Inherited and Sporadic Amyotrophic Lateral Sclerosis and Fronto-Temporal Lobar Degenerations arising from Pathological Condensates of Phase Separating Proteins

Abstract

Recent work on the biophysics of proteins with low complexity, intrinsically disordered domains that have the capacity to form biological condensates has profoundly altered the concepts about the pathogenesis of inherited and sporadic neurodegenerative disorders associated with pathological accumulation of these proteins.
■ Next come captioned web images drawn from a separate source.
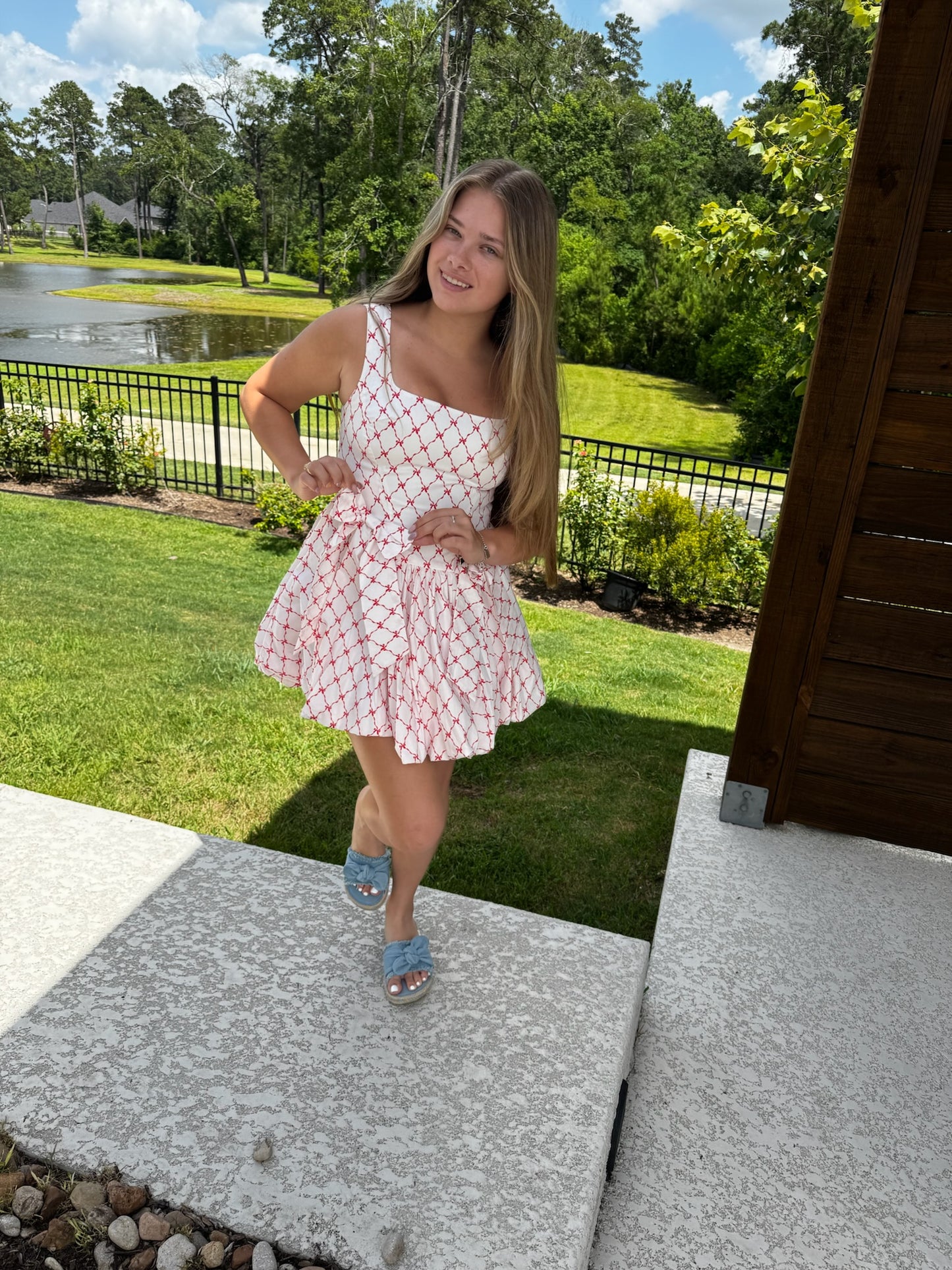 Peach Love Red Bow Summer Dress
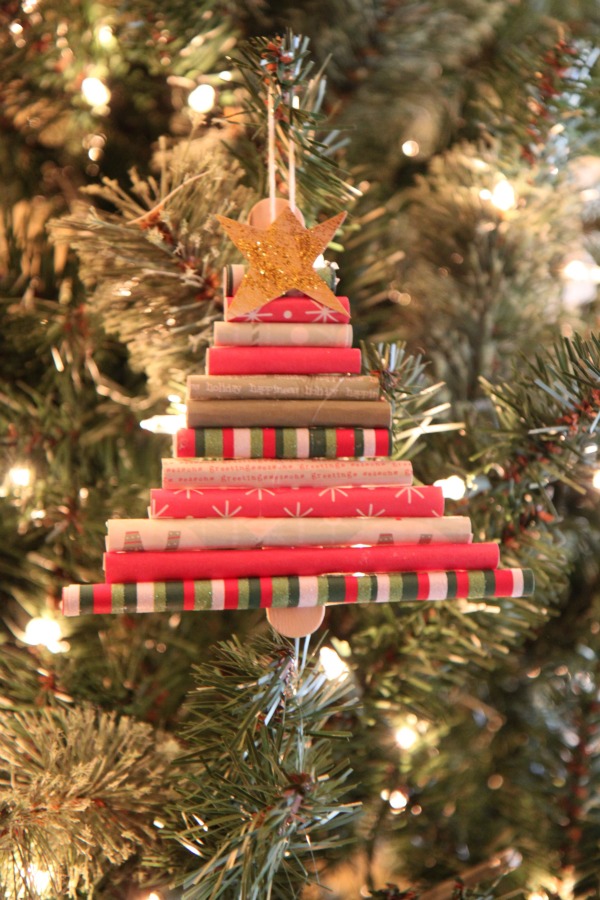 Homemade Christmas Tree Ornament made from scrap paper tutorial. Making your own DIY ornaments is one idea to save money during the holiday season and have fun making Christmas crafts. RegionsGreetings AD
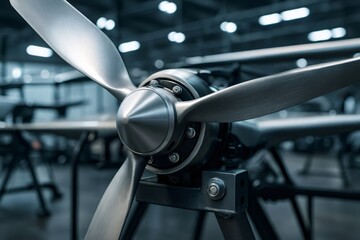Airplane propeller undergoing maintenance in a hangar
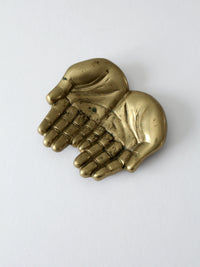 mid-century brass cupped hands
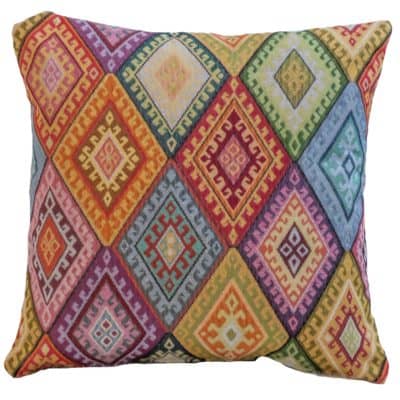 Kilim Weave Cushion in Rainbow
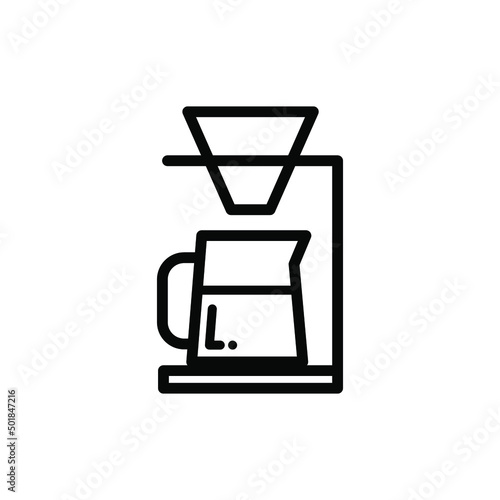 Coffee maker thin line icon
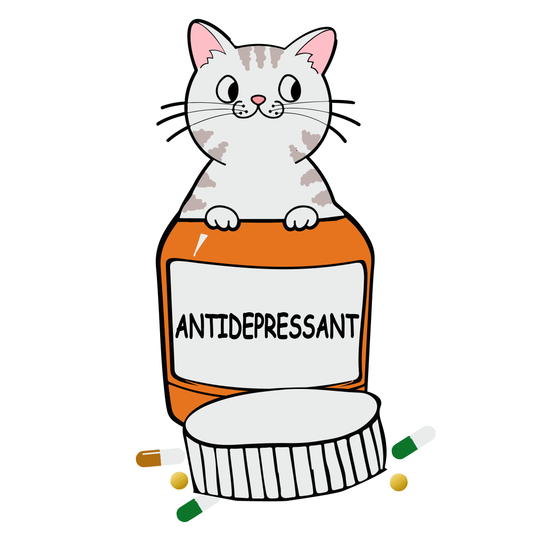 Cute Cat With Medicine Bottle (White)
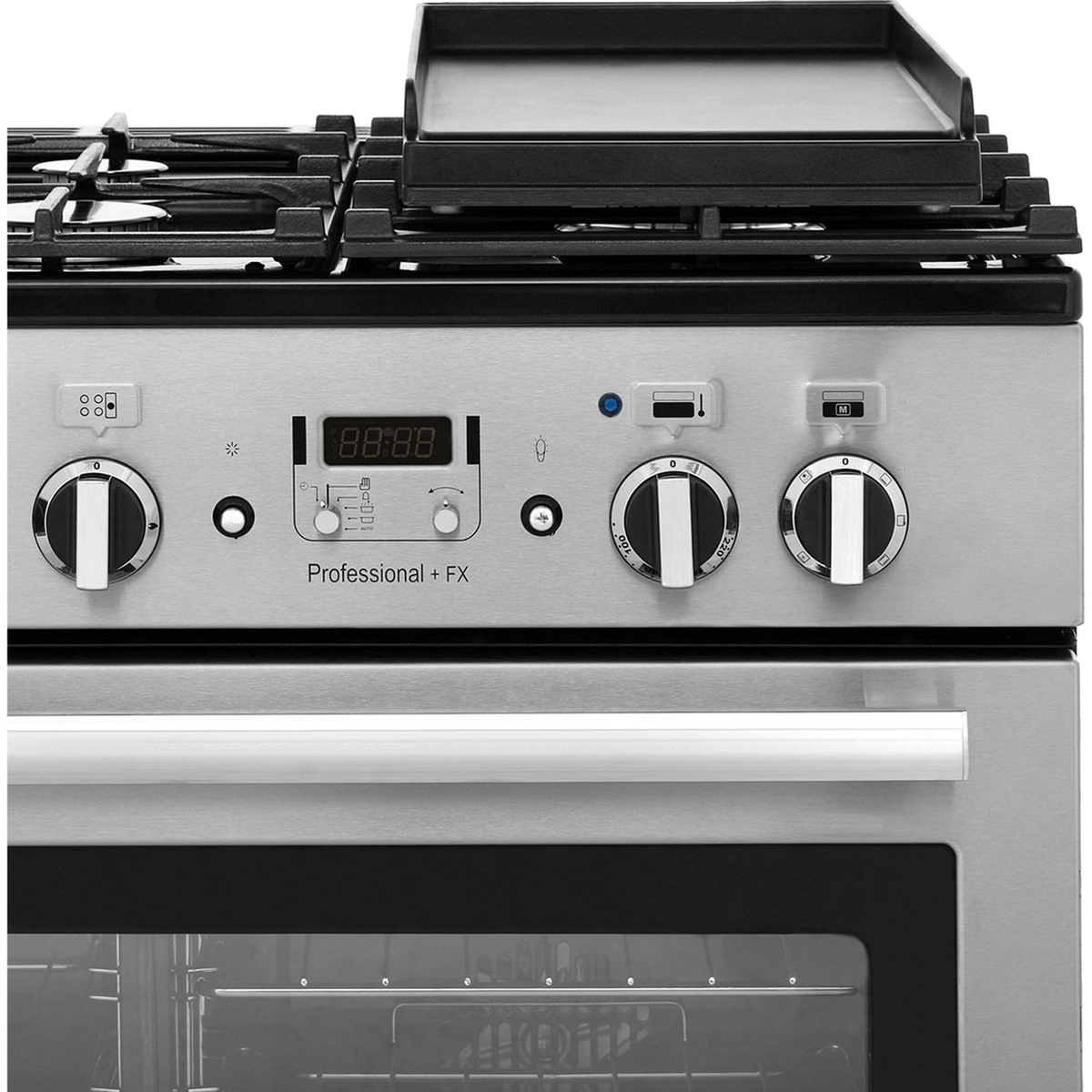 Rangemaster Professional Plus FX PROP90FXDFFSS-C 90cm Dual Fuel Range Cooker - Stainless Steel - Chrome - A Rated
In the present review, we use the FUS, TDP-43 and A11 proteins as examples to illustrate how missense mutations and aberrant post-translational modifications of these proteins cause amyotrophic lateral sclerosis (ALS) and fronto-temporal lobar degeneration (FTLD).
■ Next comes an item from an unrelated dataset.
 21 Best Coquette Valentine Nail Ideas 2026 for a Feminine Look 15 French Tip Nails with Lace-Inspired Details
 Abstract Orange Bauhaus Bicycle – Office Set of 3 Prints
Keywords: ANXA11; Amyotrophic lateral sclerosis; FUS; TDP-43; biological condensates; fronto-temporal dementia; gelation; hydrogels; local RNA translation; neuronal transport granules; phase separation; stress granules.

Figure 1

Genetic overlap between ALS and FTLD. Genetic profiling of familial and sporadic cases of ALS and FTLD have revealed a striking level of overlap between genes linked to each disease. The shared genetic basis for these seemingly distinct clinical syndromes suggests a common core pathophysiology. Most genes linked to either disease cluster into one of three groups: proteostasis and sorting, cytoskeleton and transport, or RNA-binding. Additionally, several genes across these functional groups encode proteins that form biological condensates involved in RNA transport and translation in remote neuronal compartments, strongly linking this biophysical phenomenon to disease pathogenesis.

Figure 2

Biological condensates form free droplets and membrane-associated superstructures. In the dispersed state, protein scaffolds (green circles) and cargo/client RNA molecules (red lines) are intermixed with solute molecules (black circles). Under appropriate conditions, protein scaffolds can phase separate to form a liquid droplet enriched in the scaffold protein and client RNA. Some phase separating proteins, such as A11, can also assemble as 2D- and 3D condensates on membrane surfaces (Edited to correspond to panel labels). A—Monodisperse FUS. B—FUS condensates. C—Annexin A11 enables the attachment of biological condensates to membranes. Liposomes (blue), ANXA11 (red), G3BP1 RNPs (green). D– In the dispersed state, protein scaffolds (green dots) and cargo/client RNA molecules (magenta dots) are intermixed with solute molecules (grey dots). E—Under appropriate conditions, protein scaffolds can phase separate to form liquid droplets enriched in the scaffold protein and client RNA. Owing to their lack of delimiting membranes, these structures can fuse with each other to form larger condensates. F—Some phase separating proteins, such as annexin A11(orange dots), can assemble as 2D and 3D condensates on membranes, enabling the scaffolding of non-lipid-binding condensates.

Figure 3

The roles of proteins forming biological condensates in the transport and local translation of RNAs in remote synaptic compartments in neurons. These proteins form RNP granule scaffolds for binding of RNA and RNA translation machinery, and for the subsequent long-range intracellular transport of these granules to distal neuronal compartments such as dendritic spines and axon terminals (green arrows). Disease associated mutations and pathological posttranslational modification of these proteins result in the formation of irreversible aggregates that sequester RNP granule cargo, and/or failure of intra-neuronal transport of the RNP granules (red arrows).